**Source material**
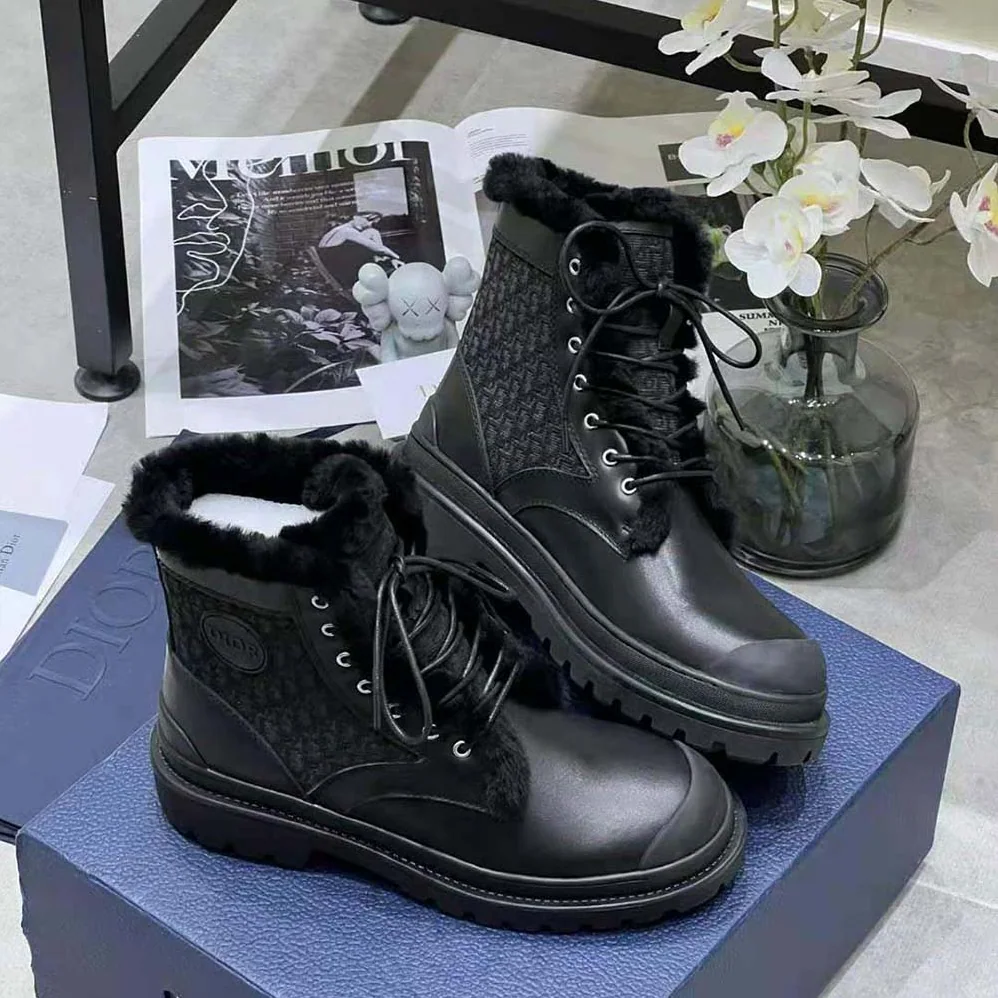 Dior Explorer Ankle Boot Black Smooth Calfskin and Dior Oblique Jacquard for Men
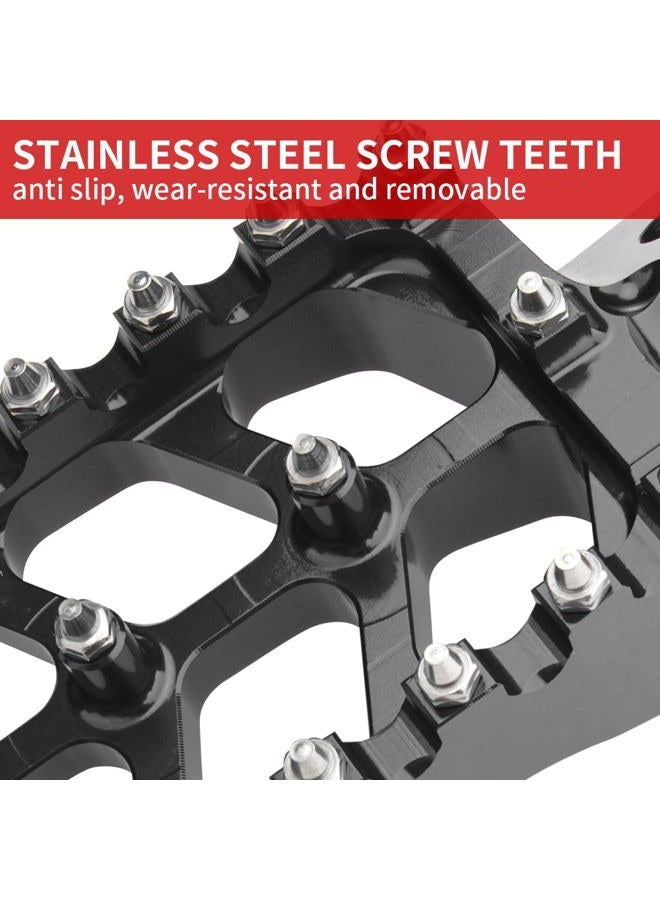 KICRY Dirt Bike Foot Pegs,Billet MX Wide Motorcycle Foot Pegs for CR125/250 02-11/CRF150R 07-24/CRF250R 04-24/CRF250X 04-17/CRF450R 02-24/CRF450RX 17-24/CRF450X 05-24 CRF250L/M 12-21 (Black) - Image 4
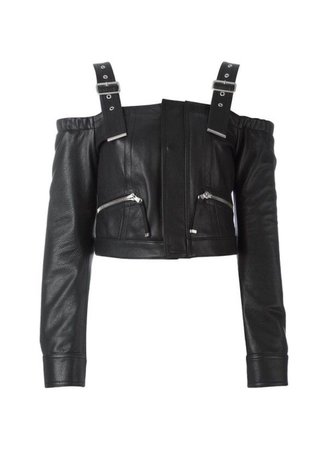 cropped leather top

**Work to be completed**
Keep the pictures out and transcribe the listing exactly.

**Response area**
 Dior Explorer Ankle Boot Black Smooth Calfskin and Dior Oblique Jacquard for Men
 KICRY Dirt Bike Foot Pegs,Billet MX Wide Motorcycle Foot Pegs for CR125/250 02-11/CRF150R 07-24/CRF250R 04-24/CRF250X 04-17/CRF450R 02-24/CRF450RX 17-24/CRF450X 05-24 CRF250L/M 12-21 (Black) - Image 4
 cropped leather top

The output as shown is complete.